Hello foodies! : )
How are you doing in these hot summer days?
How about making this cold eggplant soup side dish?
When you serve this side dish for your family and friends in a glass or ceramic bowl with some ice cubes floating on top, it will be the first thing they try out of everything on the table. Who could resist this ice-cold looking soup?
Personally I love the texture of steamed eggplant, so I love any dishes are made from it. I posted my gajinamul (seasoned steamed eggplant side dish) a few years ago, which has been loved by many of my readers. But sometimes I am also told: “Maangchi, I love it but my children don’t like eggplant.” If so, I recommend replacing gaji (eggplant) with their favorite ingredients like broccoli, bok choi, or cucumber. Check out my cold cucumber soup recipe, too.
Let me know if you invent your own Korean style cold soup side dish made with your favorite ingredient. You can say, “I made […ingredient…] naengguk.”
Let’s enjoy gaji-naengguk together before this summer is gone.
Oh, some of you may ask me: “Can I make it in the winter?”
“Yes, you can! Why not!” That’s my answer.
Ingredients
- 1 Korean eggplant (5 ounces: 140-150 grams), washed with the tops removed
- 1 tbs chopped onion
- 1 garlic clove, minced
- 1 tbs chopped green chili pepper
- 1 tbs chopped red chili pepper
- 1 stalk of green onion, chopped
- 2 ts kosher salt
- 1 ts sugar
- ½ ts Korean hot pepper flakes (gochugaru)
- ½ ts soy sauce
- 1 tbs apple or white vinegar
- 1 cup of cold water
- 6-7 ice cubes
- 2 ts toasted sesame seeds, ground
Directions
- Rinse an eggplant and remove the stem from the top.

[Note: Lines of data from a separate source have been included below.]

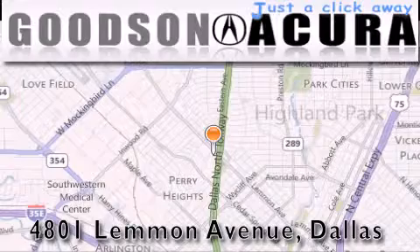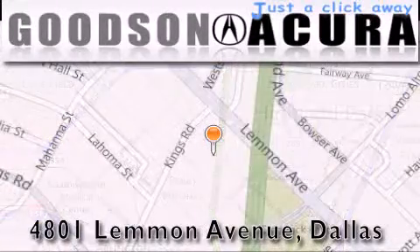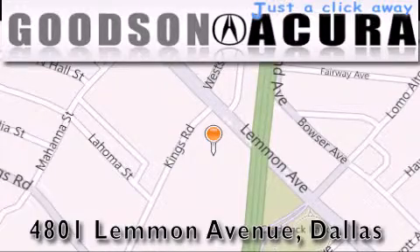Goodson Acura is located at 4801 Lemon Avenue in Dallas. Our goal is to exceed all of your expectations to ensure that you'll return for future visits.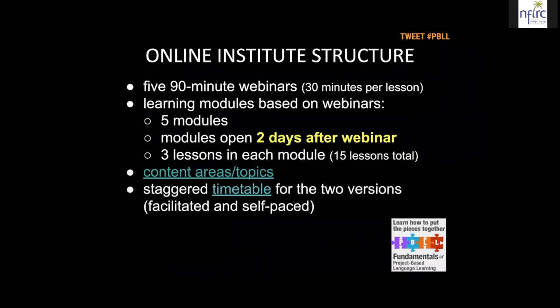The Online Institute structure consists of five 90-minute webinars. We are in the first webinar right now. Most of the time it's 30 minutes per lesson, but I'm giving you a very short starter lesson right now to orient you. There are learning modules based on these webinar sessions — the video footage from the webinar constitutes lesson material used in five modules. Each module has three lessons. These modules do not open right away after our live session because we need a little time to edit the video. In general, the module opens two days after the webinar, by the end of the day on Friday.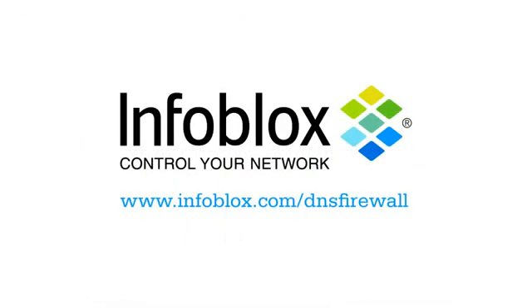This video has provided a quick introduction to APT malware and hopefully heightened your awareness that it is a serious problem. For more information about APT malware, as well as Infoblox's solution to the problem, please point your browser to www.infoblox.com/DNS-firewall. Thank you for your time.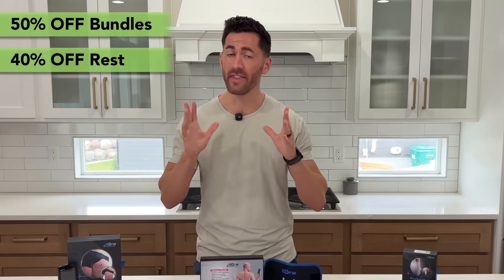Trust me, it's worth the investment. If you have any BFR questions I didn't cover in this video, let me know in the comments section. Mahalo for watching, until next time.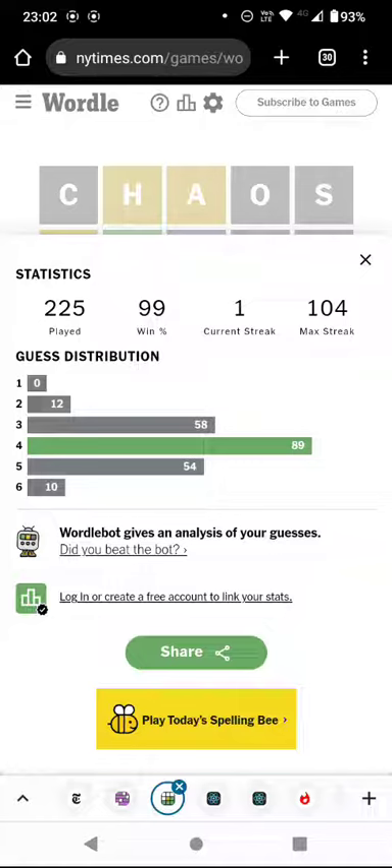So that's Wordle all in a minute and a half. Not quite what I was aiming for, but we did get there in only four guesses, so it could have been worse. Thank you for watching and bye for now.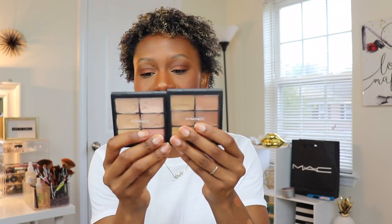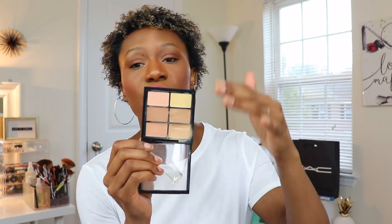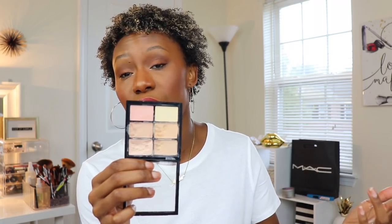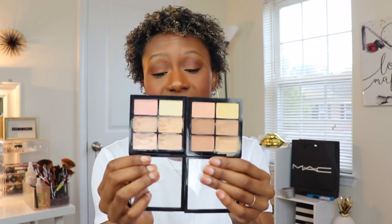I have the NYX Matte Pro Conceal and Correct palettes - I have medium, light, and deep somewhere. These are great if you are a makeup artist because you've got color correction tones and concealer tones all together. I don't really recommend these to consumers simply because you're not going to get your money's worth - you won't use all of these. I've also used them as foundation in a pinch, but that takes skill. These are a great tool for a client kit, but I would never recommend them to a consumer.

- Cut it into 2 inch pieces (about 5 cm), then cut each piece in half lengthwise.
- Boil 1½ cups of water into a steamer. When it starts boiling, add the eggplant and steam for 3 minutes.
- Remove the eggplant from the heat and let it cool down.
- Tear each piece of eggplant into bite size pieces with your fingers or cut with a knife. The desirable size of each piece is ½ inch x 2 inches.
- Add it to a serving bowl that holds 2½ to 3 cups of liquid.
- Combine with onion, garlic, green and red chili pepper, green onion, kosher salt, sugar, hot pepper flakes, soy sauce, and vinegar.
- Add 1 cup of icy cold water and mix well with a spoon. Add some more ice cubes to make it more cold.
- Add crushed or ground sesame seeds on top and serve immediately with rice and a few more side dishes.
I made this soup last night with eggplant from my mom’s garden. It was a perfect end of summer soup and tasted a little sweet with the fresh eggplant. I made the fried gochujang as a side dish which was also awesome. My wife loved it and we will definitely be making it again!
Mmmm! I made this to use up some eggplant. It was very delicious and refreshing. I wasn’t sure what to expect, but it actually tasted somewhat similar to the gazpacho I make – a similar balance / mixture of flavors. So, I guess you could say this is the Korean gazpacho. Or, gazpacho is the Spanish Gajinaengguk! lol!
Korean gazpacho, awesome! I’m glad that you love this recipe! When I traveled to Portugal and Spain in 2000, I fell in love with gazpacho soup. It was hot summer. I kept ordering the soup whenever I went to a restaurant during my stay.